TalosManager States:

• Idle
• CheckingUpkeep
• Rebalancing
• Reranging

Transitions:

Idle -> CheckingUpkeep

• Function: checkUpkeep
• Attack vectors:
  • Timestamp manipulation affecting TWAP.
  • Incorrect assessment of rebalance or rerange need.

CheckingUpkeep -> Rebalancing

• Function: performUpkeep
• Condition: getRebalance(strategy) == true
• Attack vectors:
  • External contract vulnerabilities (in strategy.rebalance).

CheckingUpkeep -> Reranging

• Function: performUpkeep
• Condition: getRerange(strategy) == true
• Attack vectors:
  • External contract vulnerabilities (in strategy.rerange).

Rebalancing -> Idle

• After executing strategy.rebalance()
• Attack vectors:
  • Front-running attacks.

Reranging -> Idle

• After executing strategy.rerange()
• Attack vectors:
  • Front-running attacks.

TalosStakedStrategy States:

• Initialized
• NotStaked
• Staked

Transitions:

Initialized -> NotStaked

• Function: constructor
  • Attack vectors:
    • Check if the initial parameters such as the Uniswap pool, optimizer, BoostAggregator, strategy manager, and Flywheel are correctly set and validated.
    • Validate that the BoostAggregator and Flywheel contracts are set up correctly.

NotStaked -> Staked

• Function: _stake
  • Transition happens when a user performs actions such as redeeming tokens, making a deposit, or rearranging positions, given there is sufficient liquidity in the pool.
  • Attack vectors:
    • Ensure the contract has enough liquidity to stake.
    • Check if the tokens are correctly transferred to the BoostAggregator.
    • Validate the update of the stakeFlag state.

Staked -> NotStaked

• Function: _unstake
  • Transition happens when a user initiates actions that may cause state changes, given there is sufficient liquidity in the pool.
  • Attack vectors:
    • Ensure the contract has enough liquidity to unstake.
    • Check if the tokens are correctly unstaked and withdrawn from the BoostAggregator.
    • Validate the update of the stakeFlag state.

TalosStrategyVanilla States

• Idle
• FeesAccumulating
• FeesEarned
• FeesCompounded
• PositionRebalanced

Transitions:

Idle -> FeesAccumulating

• Occurs as users trade within the Uniswap V3 pool range set by the strategy.
• Attack vectors:
  • Trades can manipulate the pool price.

FeesAccumulating -> FeesEarned

• Function: _earnFees
• Conditions: Automatically triggered before a position redeem (beforeRedeem) or deposit (beforeDeposit), or before reranging the position (beforeRerange).
• Attack vectors:
  • Contract balance manipulation.

FeesEarned -> FeesCompounded

• Function: _compoundFees
• Conditions: Automatically triggered after a position redeem (beforeRedeem) or deposit (beforeDeposit).
• Attack vectors:
  • Contract balance manipulation.
  • No slippage protection

FeesCompounded -> PositionRebalanced

• Occurs when the strategy rebalances or reranges the position.
• Attack vectors:
  • Rebalancing strategies can be manipulated.
  • Contract balance manipulation.

PositionRebalanced -> Idle

• After the position has been rebalanced and the strategy waits for the next accumulation of fees.
• Attack vectors:
  • Trades can manipulate the pool price.

---

Ulysses Accounting Issues

Accounting Issues

• Our audit of the smart contracts in Maia Ecosystem uncovered a critical issue within the Ulysses omnichain component.

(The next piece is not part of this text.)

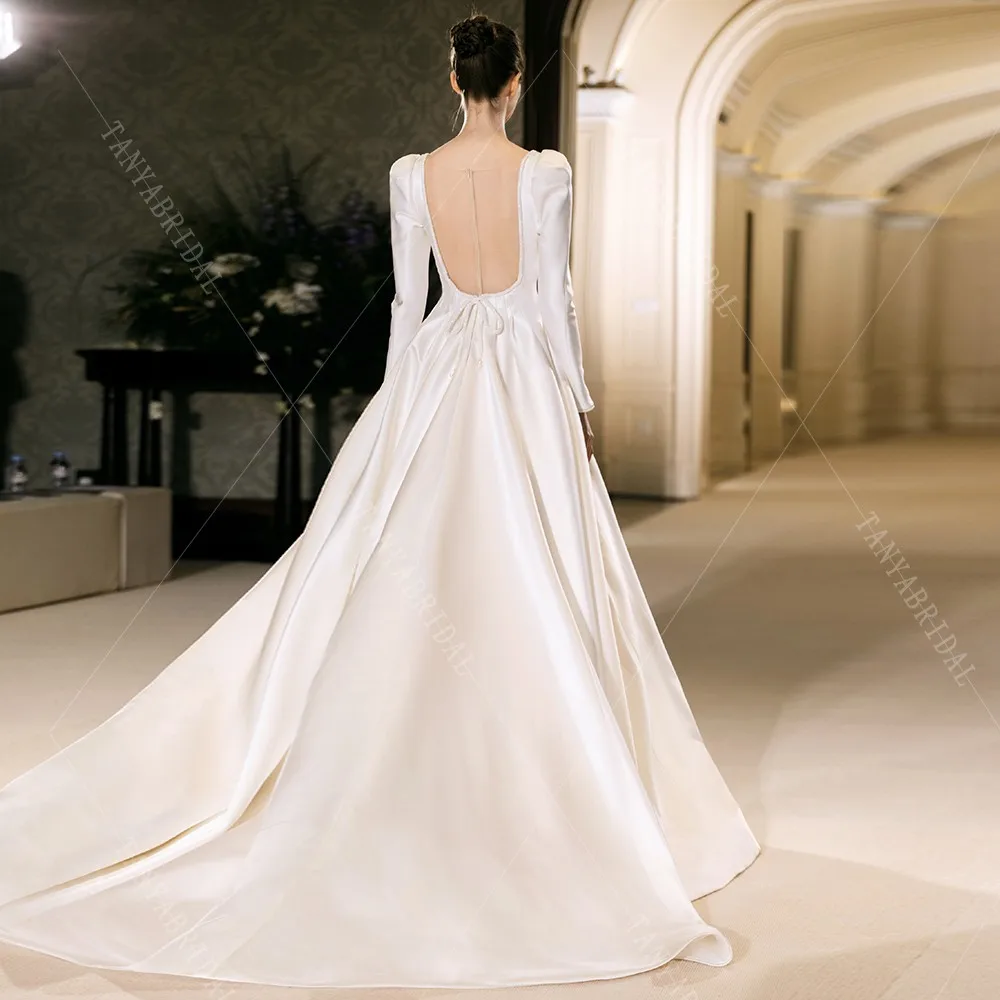 Customized Classic Winter Satin Wedding Dress Squeare Collar Long Sleeve Elegant Bridal Gown Backless Sweep Train Robe De Mariée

This issue restricts the interaction of tokens with decimals other than 18.
• The problem originated from incorrect assumptions made regarding two internal functions: _normalizeDecimals() and _denormalizeDecimals().
• The intended purpose of these functions was to normalize the value of tokens without 18 decimals, enabling their compatibility with Maia's Ulysses omnichain.
• However, due to improper implementation, other tokens were unable to function properly with the omnichain.

Demonstration

• To demonstrate this issue, we need to modify the following line in test/ulysses-omnichain/BranchBridgeAgentTest.t.sol to use 6 decimals instead of 18:
  • underlyingToken = new MockERC20("underlying token", "UNDER", 6);
• Running forge test --match-contract BranchBridgeAgentTest will result in multiple test failures.

• The flowchart illustrates the execution flow of a failed test case, specifically testCallOutWithDeposit(), providing insight into the scenario that caused the failure.
• When the test file calls BaseBranchRouter::callOutAndBridge() through the testCallOutWithDeposit() function, it is forwarded to BranchBridgeAgent::performCallOutAndBridge, which in turn calls the internal function _callOutAndBridge.
• Within this function, two key actions take place:
  • All received data is stored in the packedData variable.
  • This received data is passed to _depositAndCall().
• The problem arises when the deposit value is normalized before being stored in packedData, but it is passed as is to _depositAndCall().
• Progressing further, the values received by _depositAndCall() are subsequently passed to _createDepositSingle(), which performs the following actions:
  • Updates the state by storing the normalized _deposit value.
  • Invokes BranchPort::bridgeOut() to retrieve tokens from the user.
• In bridgeOut(), when the contract pulls the tokens, it denormalizes the _deposit value (which was never normalized). This leads to an underflow, resulting in the entire transaction reverting and preventing the user from depositing the token.

Mitigation

• The specific steps to mitigate this issue are outlined in the vulnerability report.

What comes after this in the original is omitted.